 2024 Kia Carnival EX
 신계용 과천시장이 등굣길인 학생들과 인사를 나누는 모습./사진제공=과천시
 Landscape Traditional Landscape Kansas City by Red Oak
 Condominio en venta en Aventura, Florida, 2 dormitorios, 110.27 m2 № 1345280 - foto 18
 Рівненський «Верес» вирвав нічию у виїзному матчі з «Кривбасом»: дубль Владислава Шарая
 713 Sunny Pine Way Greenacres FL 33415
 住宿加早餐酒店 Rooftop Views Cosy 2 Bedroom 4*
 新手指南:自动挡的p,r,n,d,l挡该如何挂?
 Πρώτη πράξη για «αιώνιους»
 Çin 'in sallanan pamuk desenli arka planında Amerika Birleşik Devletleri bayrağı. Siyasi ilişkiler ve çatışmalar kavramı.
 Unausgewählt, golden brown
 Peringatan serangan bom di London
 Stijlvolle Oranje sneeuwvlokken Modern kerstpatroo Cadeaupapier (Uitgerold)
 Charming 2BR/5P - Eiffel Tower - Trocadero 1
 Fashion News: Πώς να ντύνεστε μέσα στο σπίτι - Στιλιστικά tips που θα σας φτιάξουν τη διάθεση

Work to complete.
The expected answer is the complete material, restated exactly.

Result.
 2024 Kia Carnival EX
 신계용 과천시장이 등굣길인 학생들과 인사를 나누는 모습./사진제공=과천시
 Landscape Traditional Landscape Kansas City by Red Oak
 Condominio en venta en Aventura, Florida, 2 dormitorios, 110.27 m2 № 1345280 - foto 18
 Рівненський «Верес» вирвав нічию у виїзному матчі з «Кривбасом»: дубль Владислава Шарая
 713 Sunny Pine Way Greenacres FL 33415
 住宿加早餐酒店 Rooftop Views Cosy 2 Bedroom 4*
 新手指南:自动挡的p,r,n,d,l挡该如何挂?
 Πρώτη πράξη για «αιώνιους»
 Çin 'in sallanan pamuk desenli arka planında Amerika Birleşik Devletleri bayrağı. Siyasi ilişkiler ve çatışmalar kavramı.
 Unausgewählt, golden brown
 Peringatan serangan bom di London
 Stijlvolle Oranje sneeuwvlokken Modern kerstpatroo Cadeaupapier (Uitgerold)
 Charming 2BR/5P - Eiffel Tower - Trocadero 1
 Fashion News: Πώς να ντύνεστε μέσα στο σπίτι - Στιλιστικά tips που θα σας φτιάξουν τη διάθεση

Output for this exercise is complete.